*** Exercise data Section Begins ***
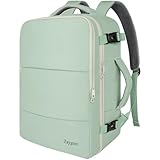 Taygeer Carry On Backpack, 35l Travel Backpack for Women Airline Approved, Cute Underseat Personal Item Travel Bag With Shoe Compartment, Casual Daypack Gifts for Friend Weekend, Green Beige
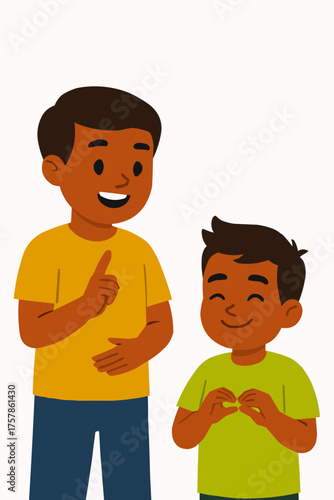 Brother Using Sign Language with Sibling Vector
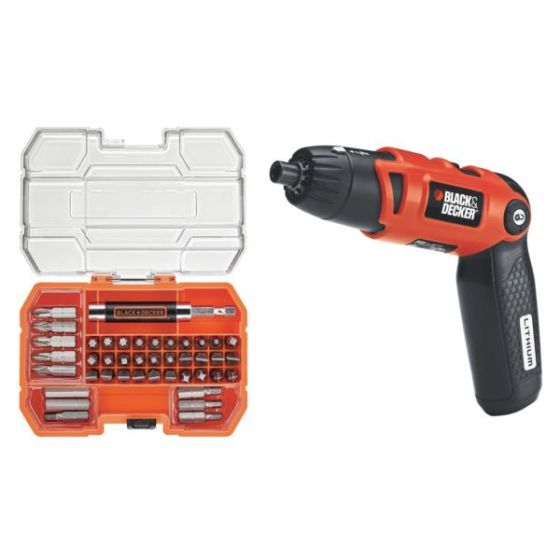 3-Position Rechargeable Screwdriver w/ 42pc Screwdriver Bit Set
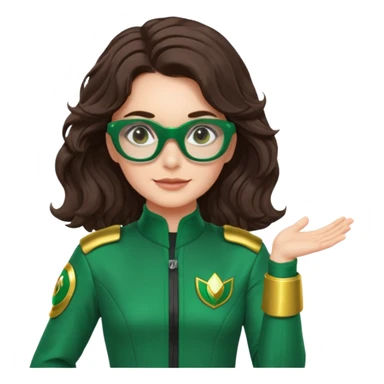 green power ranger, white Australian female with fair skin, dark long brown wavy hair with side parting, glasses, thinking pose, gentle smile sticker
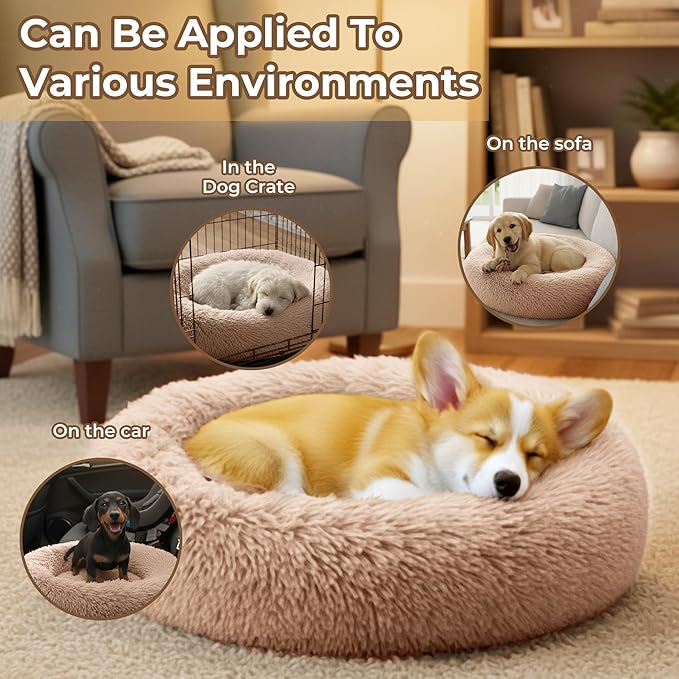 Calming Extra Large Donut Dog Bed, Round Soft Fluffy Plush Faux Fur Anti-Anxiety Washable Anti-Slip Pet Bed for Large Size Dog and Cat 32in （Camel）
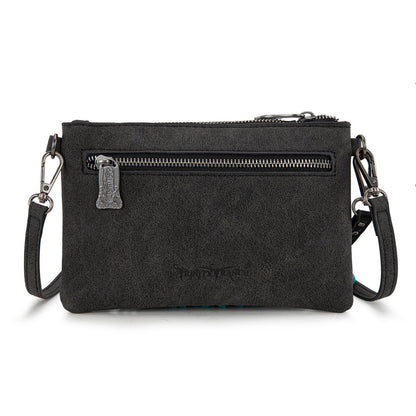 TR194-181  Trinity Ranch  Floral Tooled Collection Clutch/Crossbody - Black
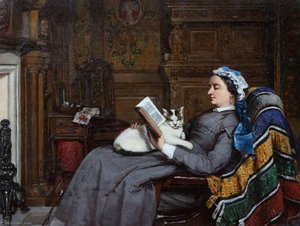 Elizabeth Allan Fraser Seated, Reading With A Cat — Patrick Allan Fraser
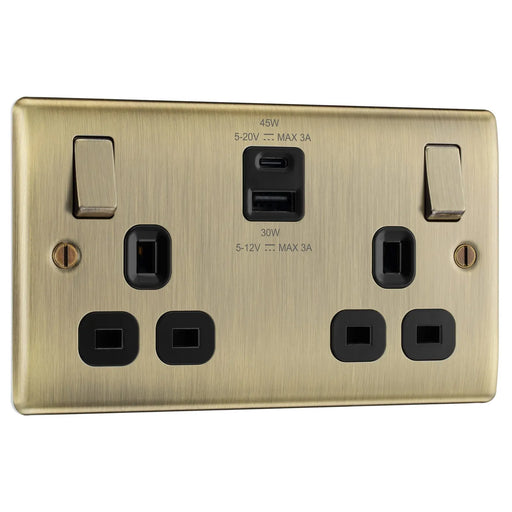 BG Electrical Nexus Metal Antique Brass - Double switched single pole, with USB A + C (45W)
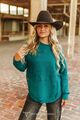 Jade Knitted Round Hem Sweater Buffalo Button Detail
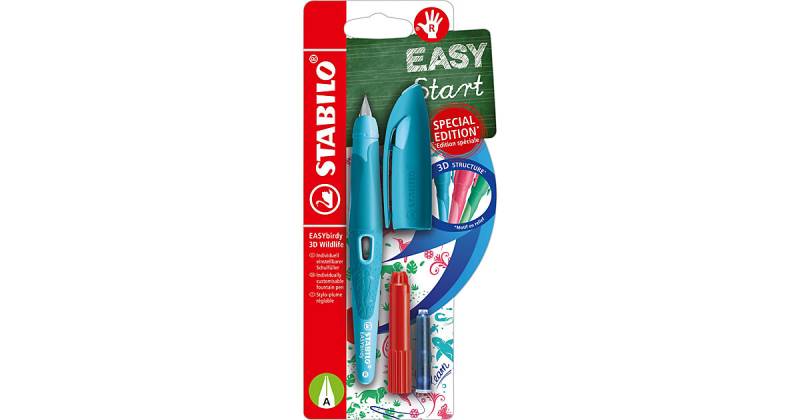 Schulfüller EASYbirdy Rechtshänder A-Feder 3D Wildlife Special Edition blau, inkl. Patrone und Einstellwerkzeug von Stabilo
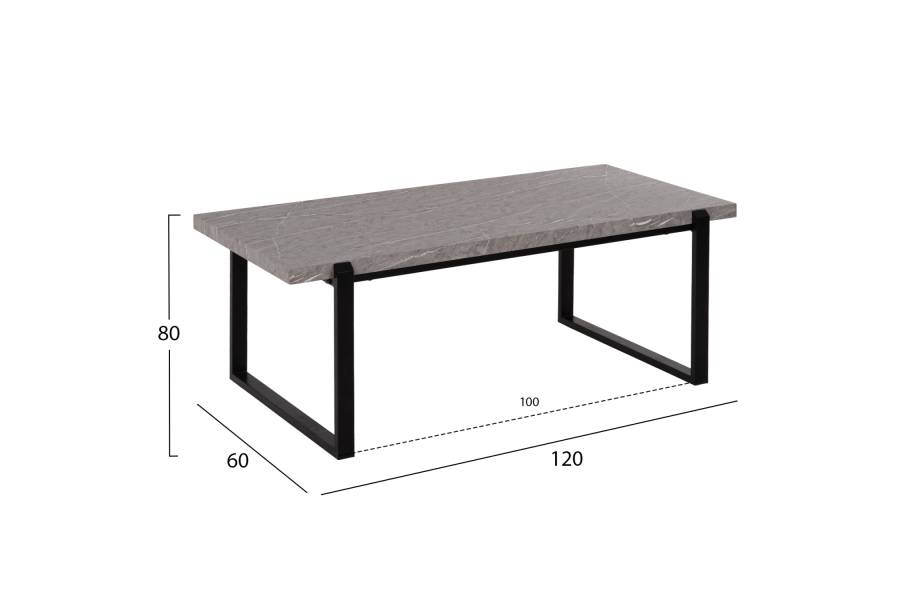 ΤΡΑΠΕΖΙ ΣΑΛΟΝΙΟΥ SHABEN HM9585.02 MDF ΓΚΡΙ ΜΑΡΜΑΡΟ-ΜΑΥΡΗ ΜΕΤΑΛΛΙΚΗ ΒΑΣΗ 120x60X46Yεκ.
*** Exercise data Section Ends ***
*** Exercise data Section Begins ***
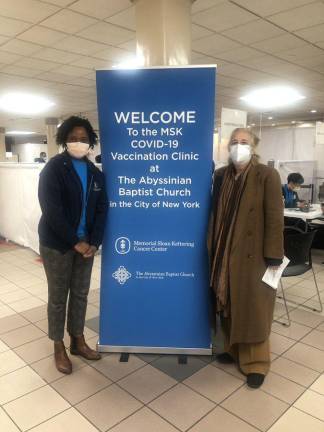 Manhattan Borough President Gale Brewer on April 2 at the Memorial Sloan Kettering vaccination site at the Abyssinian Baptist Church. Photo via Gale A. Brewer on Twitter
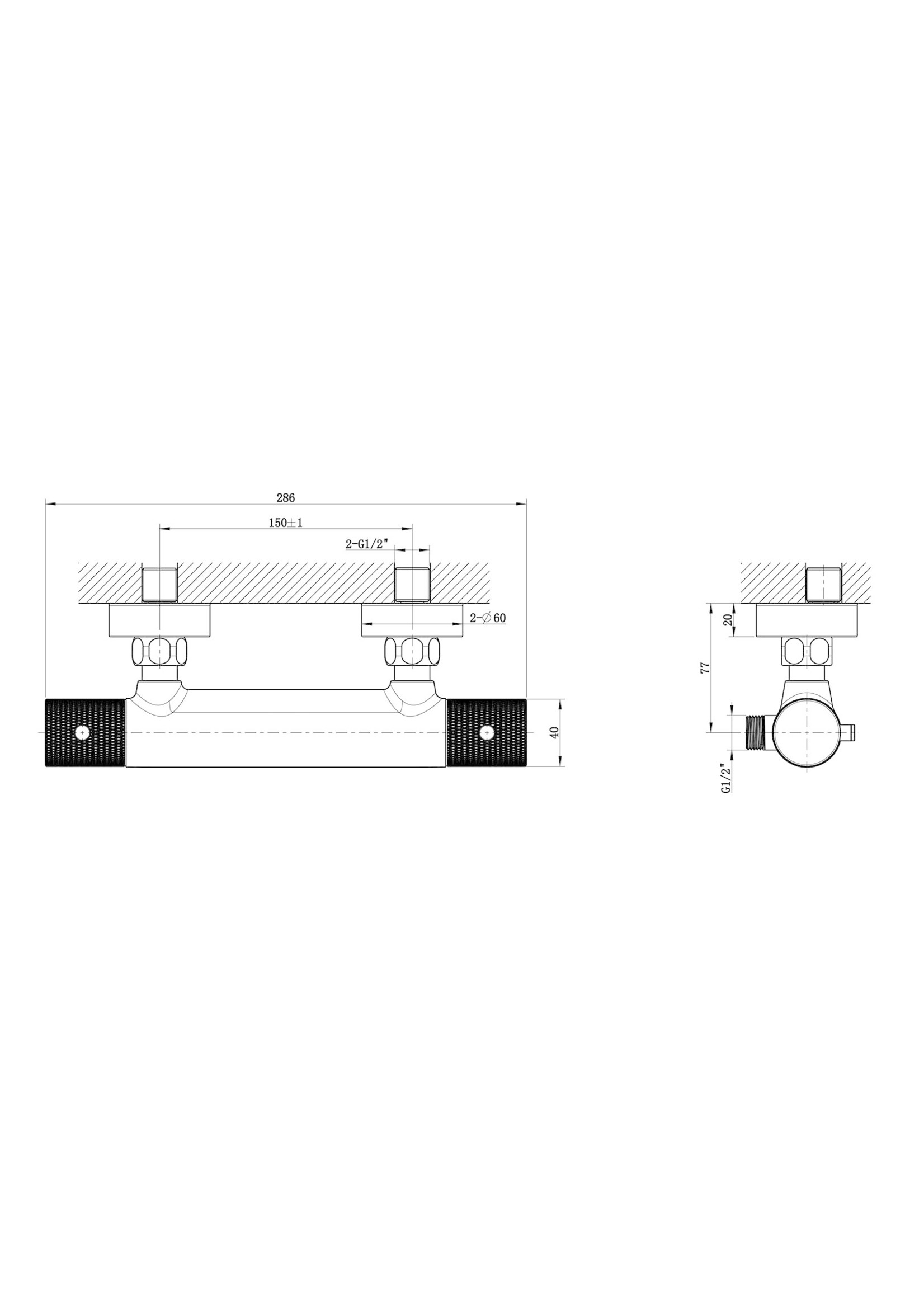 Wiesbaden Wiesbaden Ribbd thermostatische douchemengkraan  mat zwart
*** Exercise data Section Ends ***
*** Exercise data Section Begins ***
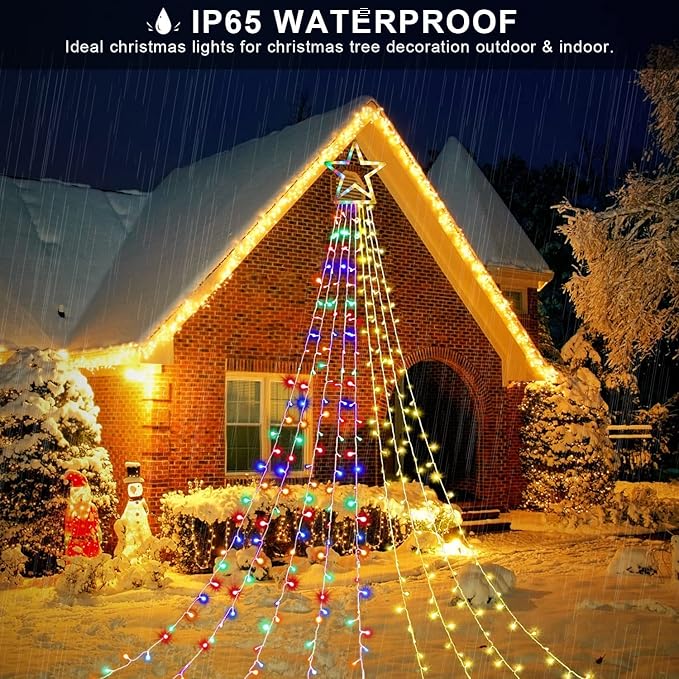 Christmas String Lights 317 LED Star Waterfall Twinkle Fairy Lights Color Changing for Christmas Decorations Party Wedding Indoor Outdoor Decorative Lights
*** Exercise data Section Ends ***
▸ **Required work**
Starting at the line above with "Elizabeth Allan Fraser", output every line exactly up to and including the line with "ΤΡΑΠΕΖΙ ΣΑΛΟΝΙΟΥ SHABEN", but none of the pictures.

▸ **Exercise output**
 Elizabeth Allan Fraser Seated, Reading With A Cat — Patrick Allan Fraser
 BG Electrical Nexus Metal Antique Brass - Double switched single pole, with USB A + C (45W)
 Jade Knitted Round Hem Sweater Buffalo Button Detail
 Schulfüller EASYbirdy Rechtshänder A-Feder 3D Wildlife Special Edition blau, inkl. Patrone und Einstellwerkzeug von Stabilo
 ΤΡΑΠΕΖΙ ΣΑΛΟΝΙΟΥ SHABEN HM9585.02 MDF ΓΚΡΙ ΜΑΡΜΑΡΟ-ΜΑΥΡΗ ΜΕΤΑΛΛΙΚΗ ΒΑΣΗ 120x60X46Yεκ.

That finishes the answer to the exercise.